SED TANTUM DIC VERBUM...

...ET SANABITUR ANIMA MEA.

terça-feira, 19 de janeiro de 2010

Os Barões Assinalados

Diário,

Em Bananalândia, como você bem sabe, os portugueses ancestrais não são muito valorizados. Descender de escravos ou de índios é sempre motivo de orgulho - e parece que dá um certo cachet ter, como dizia com alguma deselegância o pedantíssimo Fernandenrique,"um pezinho na cozinha". Mas os barões assinalados da Lusitânia e a marujada que com eles enfrentou os mares muito além da Taprobana não estão com essa bola toda, não: e são olhados com desprezo, como se houvessem "tomado dos índios" um Brasil que não existia, e que evidentemente não era uma pátria. Espantoso, mas é assim - e os corajosíssimos avós barbudos que entre gente remota edificaram Novo Reino que tanto sublimaram, e que fazendo uso de mais do que prometia a força humana desbravaram a Terra Brasilis e aqui se estabeleceram, criando essa pátria antes inexistente - são hoje mais ou menos execrados por seus netos, que os renegam, como se deles não viessem.

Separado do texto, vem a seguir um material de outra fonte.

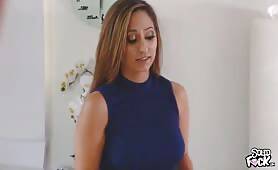 Stunning Stepmother Is A Hot Teacher on vidfreenow.com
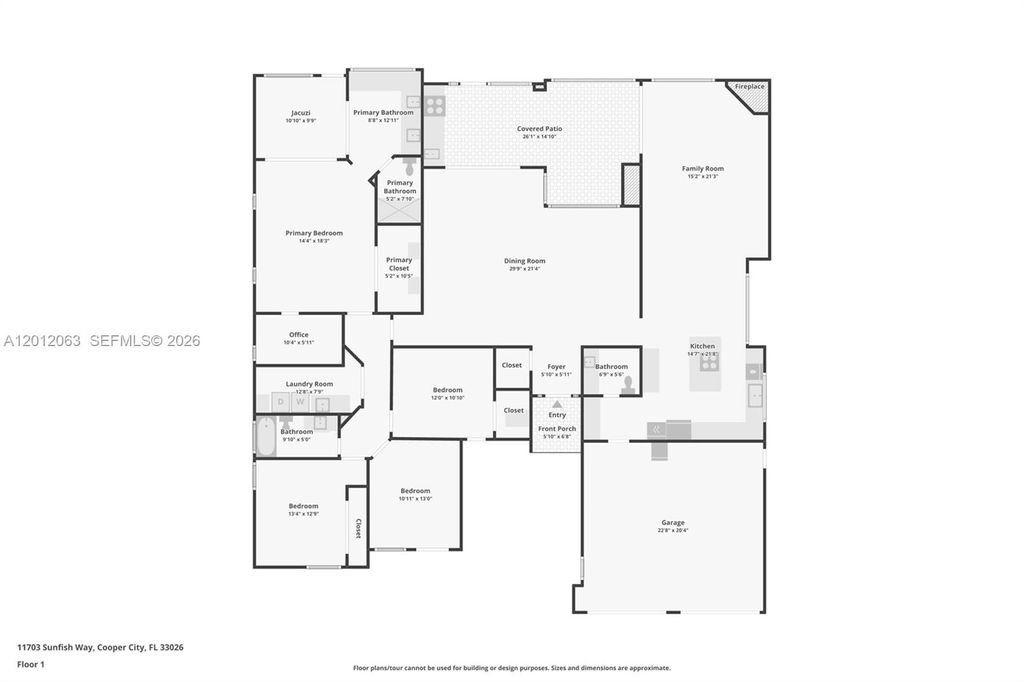 Photo of 11703 Sunfish Way, Cooper City, FL 33026 (MLS # A12012063)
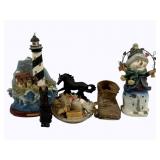 Lot of Assorted Decor Items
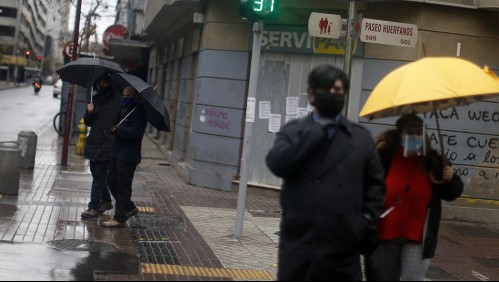 Meteorólogo Jaime Leyton: 'Lloviznas en Santiago hasta el sábado y en regiones fuerte oleaje'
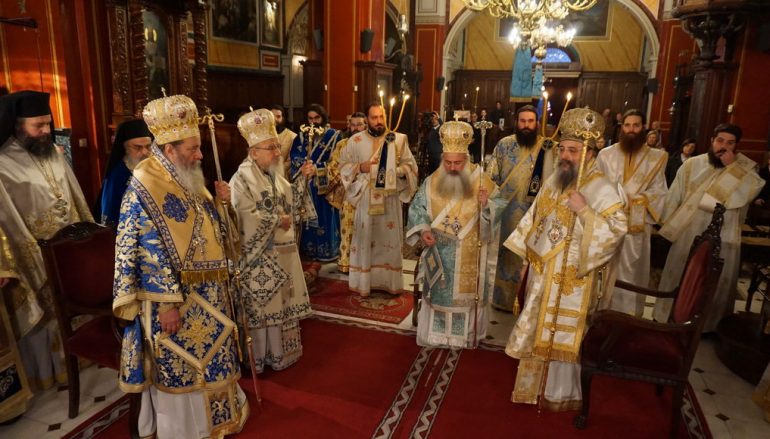 Λαμπρά τα Ονομαστήρια του Μητροπολίτη Κανάγκας Θεοδοσίου
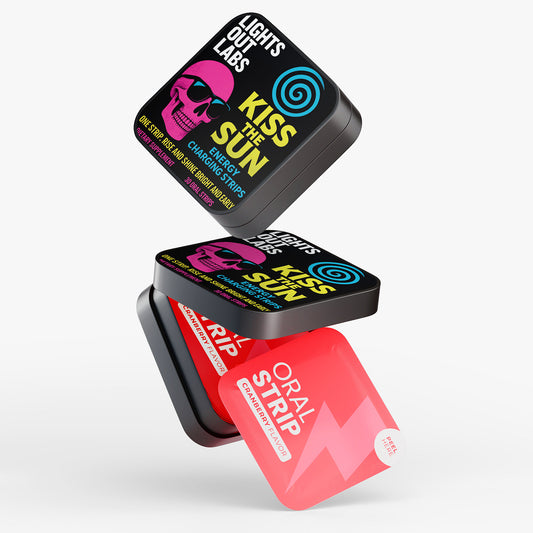 Kiss the Sun Energy Strip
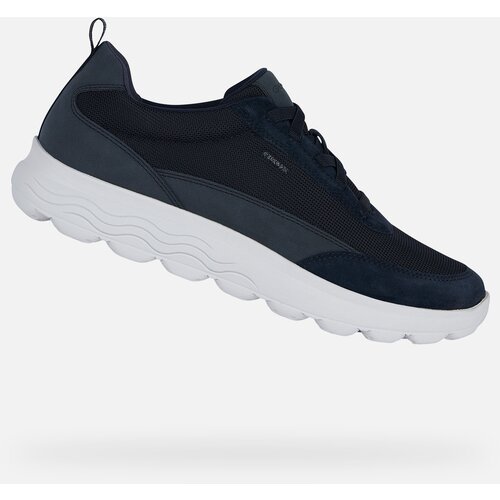 Geox Dark Blue Men's Spherica Sneakers - Men's Cene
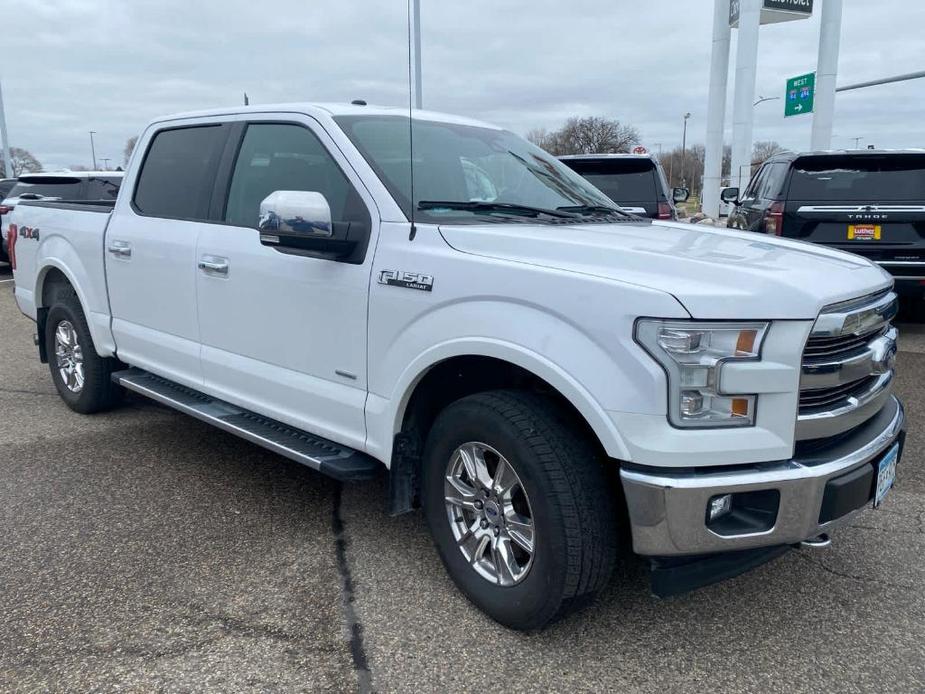 used 2017 Ford F-150 car, priced at $31,996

Não mereciam vir, mesmo, na minha opinião.
Tenho uma vasta coleção de "Histórias de Portugal", por diversos autores - e de vez em quando pego um volume ao acaso, para que não me saia da memória a história desses queridos ancestrais - e ontem aconteceu de me deparar com a transcrição da carta de João de Castro à câmara de Goa, escrita pelos meados do século XVI, e que é um exemplo de honra pessoal tão fundamente inspirado que resolvi registrá-lo aqui. O episódio é o seguinte: D. João de Castro, ao ver desmantelada a fortaleza de Diu pelo inimigo mouro, e na pressa de reformá-la por receio de outro ataque, precisou recorrer à câmara de Goa, para pedir emprestados vinte mil pardaus - dinheiro que ele mesmo não possuía. Não tendo outro penhor a oferecer pelo empréstimo, ofereceu suas próprias barbas: era um tempo em que a mencionada honra pessoal fazia valerem as barbas dos honrados.

Eis um trecho da carta:

"Eu mandei desenterrar Dom Fernando meu filho, que os mouros mataram nesta fortaleza, pelejando por serviço de Deus, e de El-Rey, nosso senhor, para vos mandar empenhar seus ossos; mas acharam-no de tal maneira, que não foi licito ainda agora de o tirar da terra, polo que não ficou outro penhor, salvo as minhas próprias barbas que vos aqui mando por Diogo Rodrigues de Azevedo; porque como já deveis ter sabido, eu não possuo ouro, nem prata, nem móvel, nem cousa alguma de raiz, por onde vos possa segurar vossas fazendas, mas somente uma verdade seca e breve, que me Nosso Senhor deu."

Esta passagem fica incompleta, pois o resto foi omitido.